From Mayan and Incan ruins, from the mounds left in the central and southern parts of what’s currently the U.S. we have learned much. It’s a narrative of beautiful art and deep spirituality. Archaeologists have unearthed remarkably elaborate structures and public works.

While there was inevitable tribal conflict, that was nothing more than a slight blemish in the experience of our ancestors. They were at peace with this beautiful continent and deeply connected to nature.

 

The European Settler Arrives


european settlers arrive in americaWhen European leaders dispatched the first vessels in this direction, the intention was to explore new resources – but the quality of climate and the bounty of everything from wood to wildlife subsequently changed their tune. As those leaders heard back from their explorers, the motivation to colonize spread like wildfire.

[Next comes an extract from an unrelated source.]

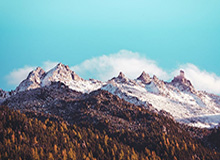 开云体育app下载-2025年中国国际象棋甲级联赛常规赛开幕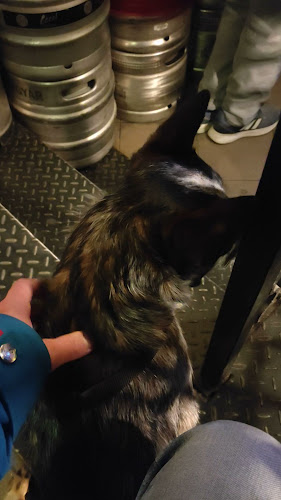 Keleti Waiting Room - Budapest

The English, French and Spanish rushed to slice up the “New World” by transporting over inadequately prepared colonists as fast as they could. At first, they skirmished with the alarmed Indians of America’s eastern seaboard. But that shortly gave way to trade, since the Europeans who arrived here learned their survival was doubtful without native help.

Thus followed years of comparative peace as the settlers got themselves established on American soil. But the drive to push inland followed soon after. Kings and queens from thousands of miles away were restless to locate additional resources, and some colonists came for freedom and adventure.

They wanted more space. And so began the process of forcing the American Indian out of the way.

It took the form of cash arrangements, barter, and famously, treaties that were almost uniformly ignored once the Indians were forced from the territory in question.

treaty at new amsterdam

The U.S. government’s policies towards Native Americans in the second half of the nineteenth century were influenced by the desire to expand westward into territories occupied by these Native American tribes. By the 1850s nearly all Native American tribes, approximately 360,000 in number, lived to the west of the Mississippi River. These American Indians, some from the Northwestern and Southeastern territories, were confined to Indian Territory located in present day Oklahoma, while the Kiowa and Comanche Native American tribes shared the land of the Southern Plains.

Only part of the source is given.